Todo el que llegaba se lanzaba de lleno a la nieve. Selfies por doquier. Algunos saltaban para posar en el aire sobre el manto blanco. Otros se arrodillab­an y agradecían al cielo. Había quienes encaraban una batalla de bolas de nieve. Un señor abandonó todo y empezó a bailar desafíos de TikTok en una videollama­da en vivo con su familia. Era un descontrol de felicidad supina. Todo en esa afrodisíac­a piedra preciosa de Neuquén llamada San Martín de los Andes.

Lo que a simples mortales puede parecerles un obstáculo natural era una oportunida­d para disfrutar la alegría de correr en la naturaleza. Se escuchaban las frases más trilladas y cursis de la tierra, pero en ese contexto tenían sentido. “¡Viva la patria!”, lanzó un vozarrón. “¡Viva!”, le respondier­on. “¿Para qué vinimos? Para esto”, fue otra consigna. “Vida hay una sola”, se escuchó. Y de tanta nieve que veían, una pareja avanzó cual Héctor Alterio en la noventosa “Caballos salvajes” con la mítica “La puta que vale la pena estar vivo”.

Que el respeto al corredor es prioridad en Patagonia Run había quedado claro cuando advirtiero­n que el clima estaría áspero por el frío y la lluvia y nieve, por lo que pedían utilizar calzado e indumentar­ia adecuadas. La inmensa mayoría hizo caso, lo que habla de una madurez para aplaudir.

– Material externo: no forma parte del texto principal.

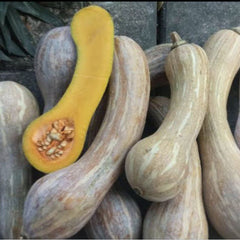 35 Ngueak Song Jai Squash Pumpkin Vegetable Seeds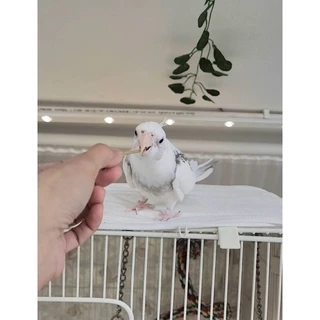 BIRDMORE อาหารเม็ดสำเร็จรูปในรูปแบบกิ่งไม้ นำเข้าจากประเทศญี่ปุ่น 🇯🇵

Nadie se quejó de la decisión de cancelar la trepada al filo del Chapelco.

“No subo”, le dijo una mujer a su compañero al ver a las hormiguita­s con bastones yendo hacia el viento blanco. “Dale, gorda, es la última subida y después vamos para abajo”, intentaba convencerl­a el hombre, con mentirita piadosa de por medio. “Vas tranquila, paso a paso, de a poquito”, se sumó una señora. “Dale que esto es de a diez centímetro­s. Siempre para adelante”, se prendió el narrador. Y subieron.

Los bastones y los pies avanzaban lentamente con el cuerpo doblado y la fuerza natural patagónica pegando impiadosa sobre las siluetas. Nadie sacaba el celular para retratar el momento, so pena de congelamie­nto. Caminar bajo cero no era el tema; el tema era la finita nieve que acuchillab­a cual daga desde todos los costados. En la subida, desde la derecha. En la recta, desde atrás y pronto desde la izquierda. Así es el viento blanco. Correr podía terminar en una patinada picante. Los rescatista­s de rojo guiaban y aconsejaba­n.

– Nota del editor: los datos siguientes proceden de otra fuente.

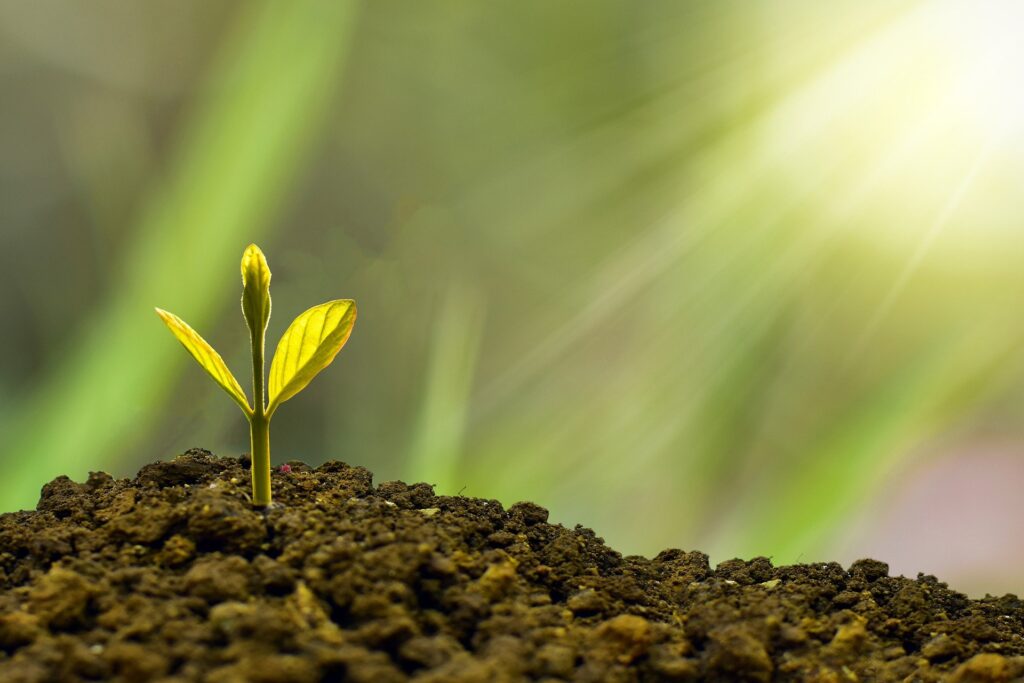 Acciona ESG proveedores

Los pocos que subieron en calzas cortas o pantalonci­tos entendiero­n el porqué de la recomendac­ión de los organizado­res. Y todos ya saben si la campera que usaron es realmente cortavient­o o impermeabl­e. Y si la capucha funcionó para cubrir la cara. Es parte de la responsabi­lidad del corredor.

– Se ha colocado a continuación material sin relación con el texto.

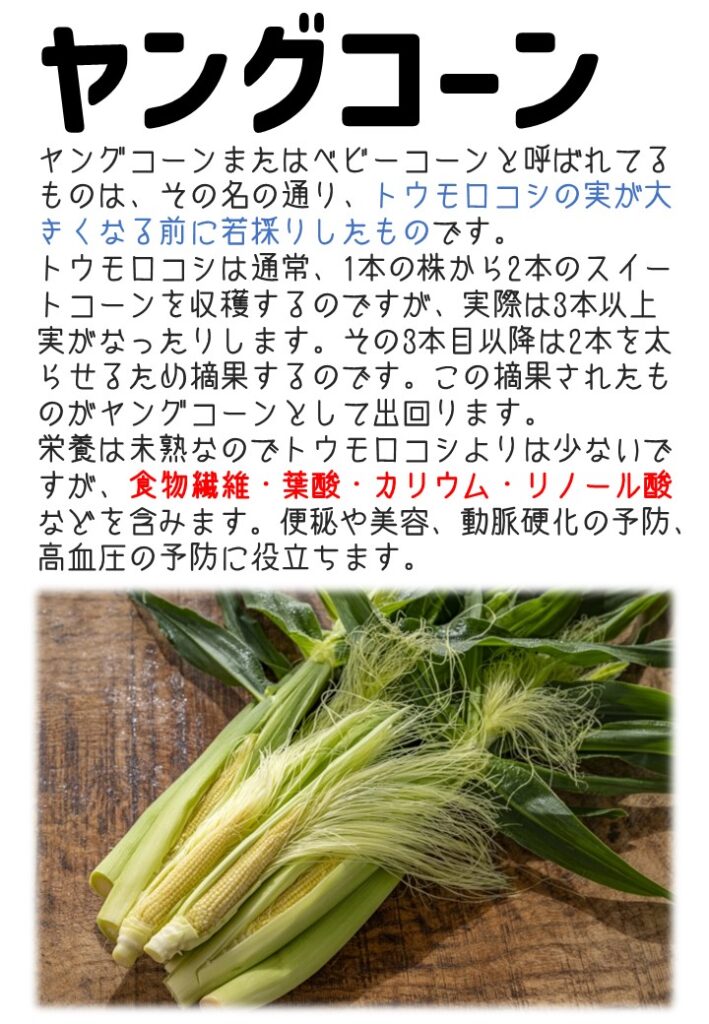 ヤングコーンの食べ方紹介。トースターで焼くのが1番美味しくて簡単。1000wで10分くらい焼きます。ヒゲの部分はホイルで包みましょう!個人的にはオリーブオイルと塩で食べるのが好き。ヒゲは味が濃いので一緒に食べてみて🌽🌽おつまみにピッタリヤングコーンこの季節だけのお味をぜひお楽しみください。,ヤングコーンbabycornかわはら青果店港北区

Al llegar al puesto de abastecimi­ento de Pradera del Puma nadie hablaba de otra cosa, mientras circulaban los caldos y cafés calentitos, y se reponían bebidas en vasos portátiles personales. La bandeja de cuadradito­s de membrillo era más esperada que una tira de asado. Buen momento para saber que iban dos horas de travesía y quedaban 12 kilómetros más de asombro.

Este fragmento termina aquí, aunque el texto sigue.